These are chat archives for FreeCodeCamp/DataScience
discussion on how we can use statistical methods to measure and improve the efficacy of http://freeCodeCamp.com
@cuent : some people here started to talk about F# in this channel last week and I checked some exercises. It is gaining my interest more and more. In fact recently I am finding python bit too small and constraining...
T-SNE: a Dutch person seems to be behind the development of the technique? Reading about... Is that a sort of clustering technique? Or mainly representational, like Multidimensional Scaling? Hmmm... seems more like the last one... Looks VERY simple conceptually too!
kNN again!, with apparently MC + binary search + back to t-Student and concepts in information theory to measure the loss function...
Amazing how some simple stuff could be more effective than too complex implementations in the general cases... we were realising that in a discussion during the last meetup...
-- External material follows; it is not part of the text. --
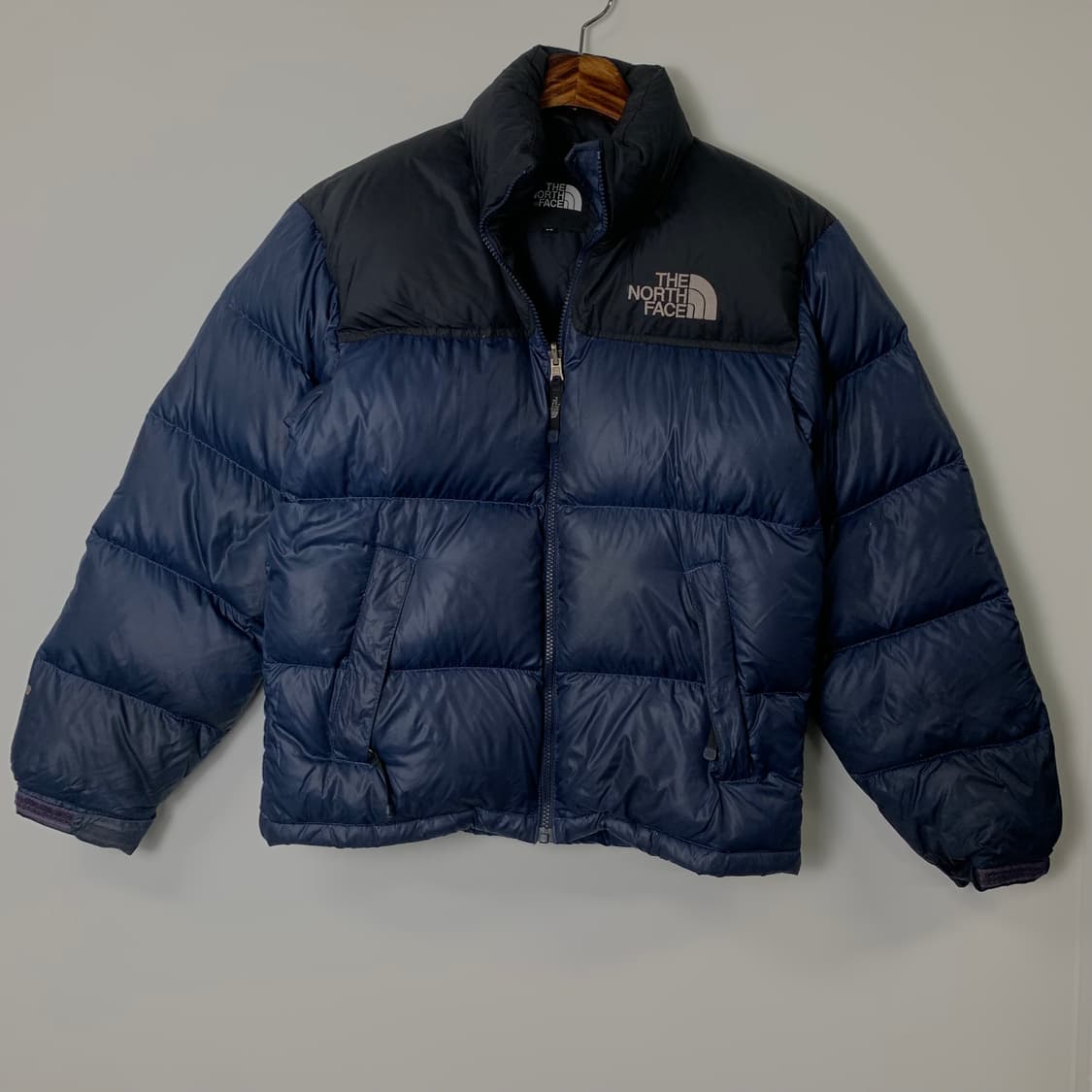 노스페이스 레트로 눕시 700 네이비 패딩 자켓 상품이미지2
@cuent: for what I am reading, the key here is finding the "probability distribution between pairs of high-dimensional objects" and then the probability distribution of the similarity distance. Looks like a (double) Bayesian approach to me unless your approach is parametric... Also it is here where the sampling takes place: it could be a numerical approximation? It seems that involves a bit of tweaking if you get fancy.
Those are my first impressions, not sure if I am correct...
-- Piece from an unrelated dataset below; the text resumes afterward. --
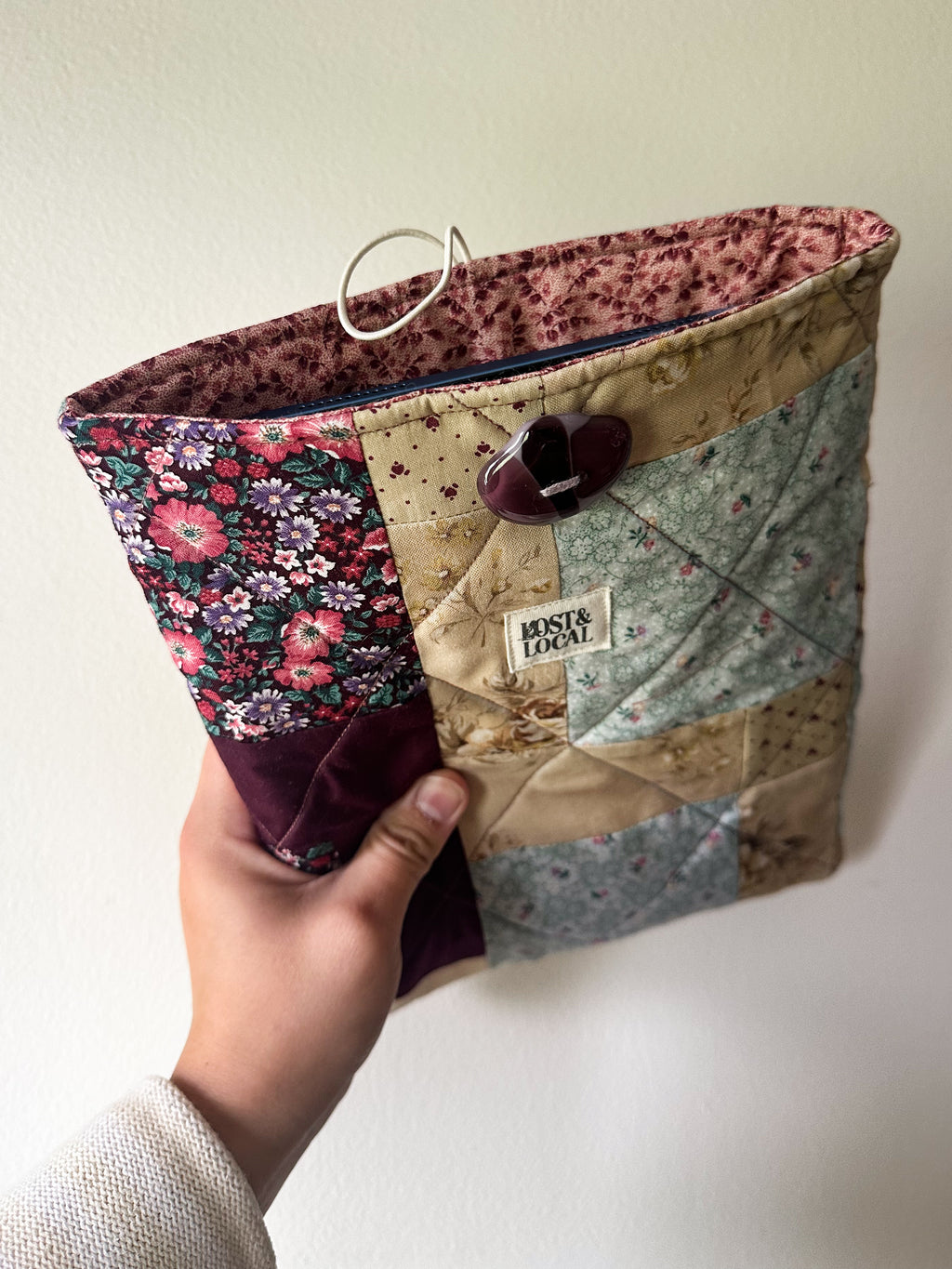 Quilted Book Sleeve XL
Not sure if you are interested just in the practice of the technique or also in the concepts? Don't know a course but for basic concepts I would suggest something in Computational Statistics if that is not your field: it could be valuable to understand the implementation.
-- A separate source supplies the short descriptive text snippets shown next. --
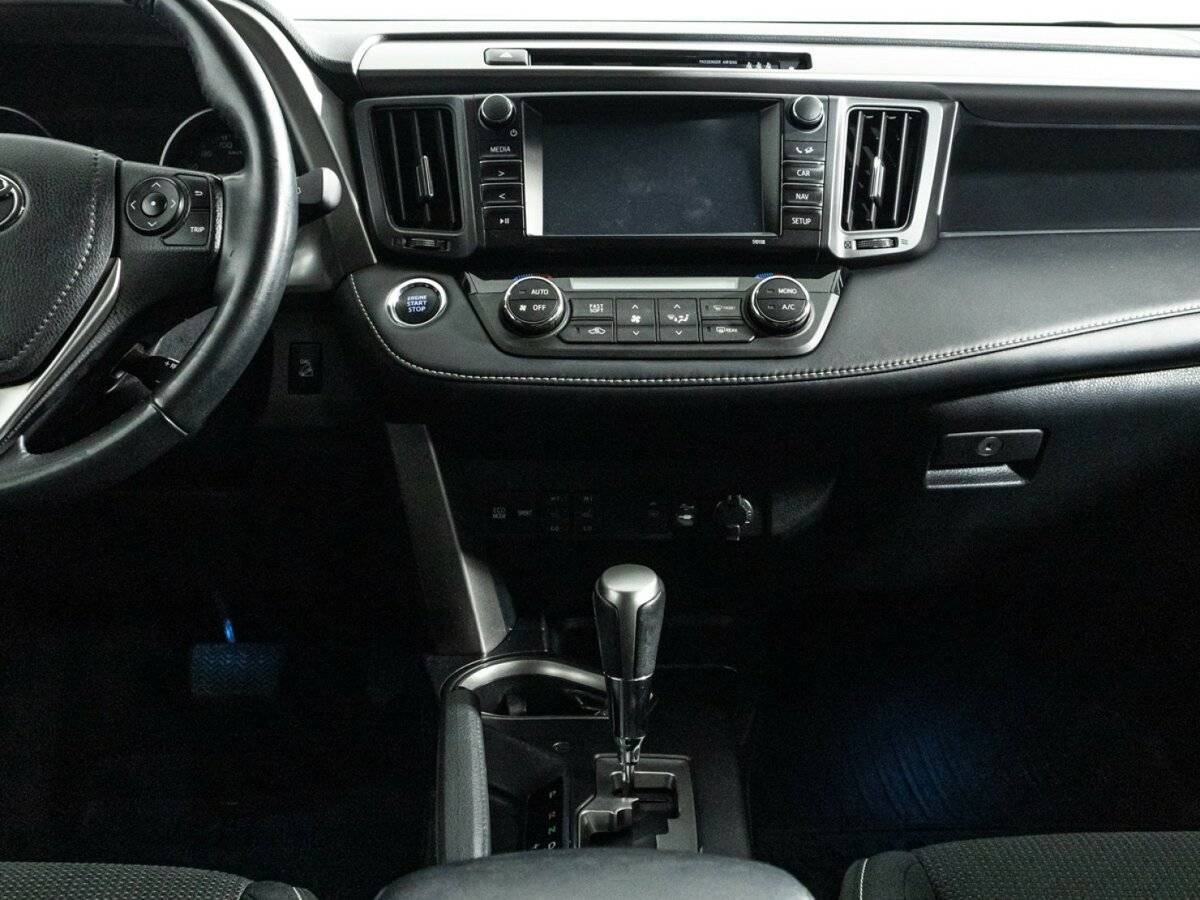 Купить Toyota RAV4 с пробегом. Фото: #13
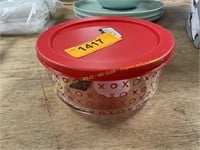 Spritz glass food storage container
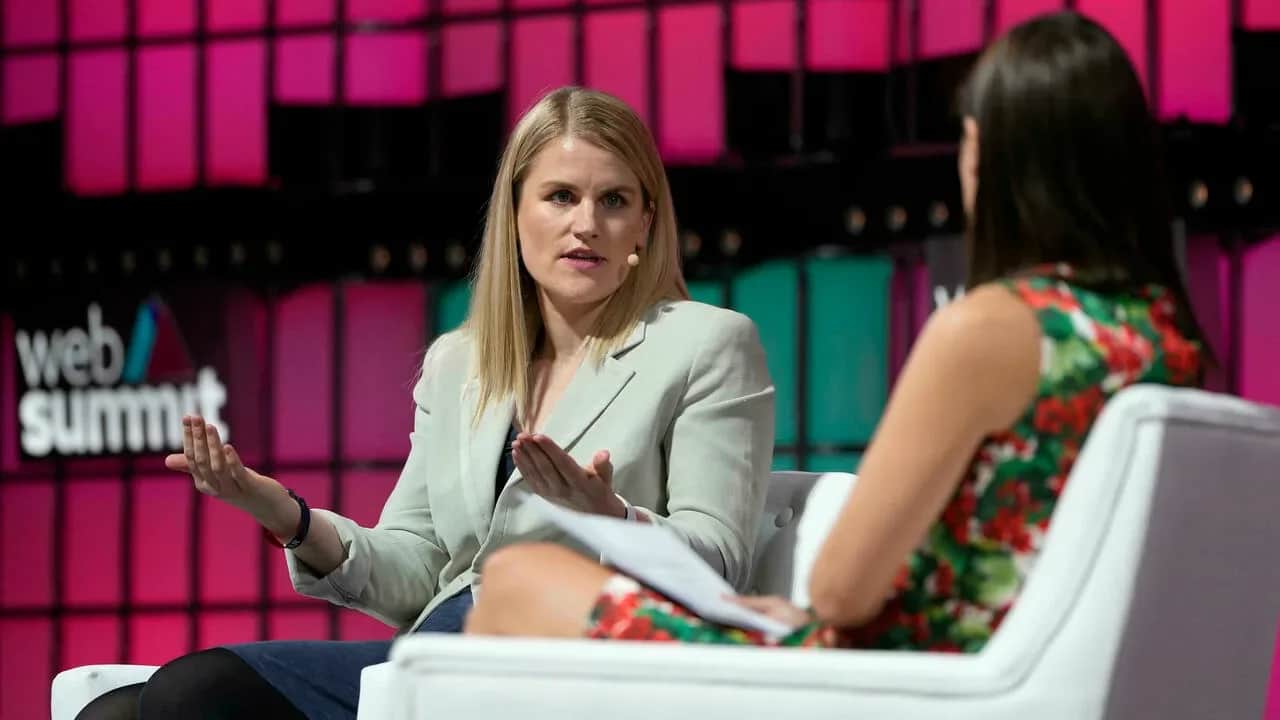 Web Summit 2021 : Frances Haugen tire à boulets rouges sur le patron de Facebook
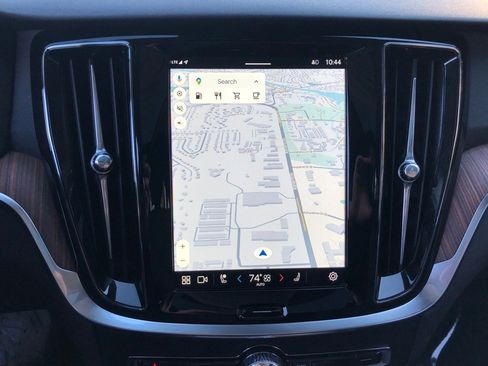 Used 2025 Volvo V60 B5 Cross Country Plus image 23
(particularly @darwinrc but maybe @cuent and @luishendrix92? @Lightwaves?)
Who want to check and play with this? Maybe a very small project here on our own? Something perhaps for Latinamerican users?
I can share with you some advances already done by some companies here, trying to get involved.
Sorry about my lack of involvement in the skale project the last months. I am still interested but stuck with some basic stuff to be honest. I still suggest to keep an eye on that project, who knows what comes. Keep you updated.
@evaristoc Yes, I am interested a lot in clustering algorithms.
I didn't know that was possible to build presentations on D3.js. Is there some tool to create presentations? or should we write code from start?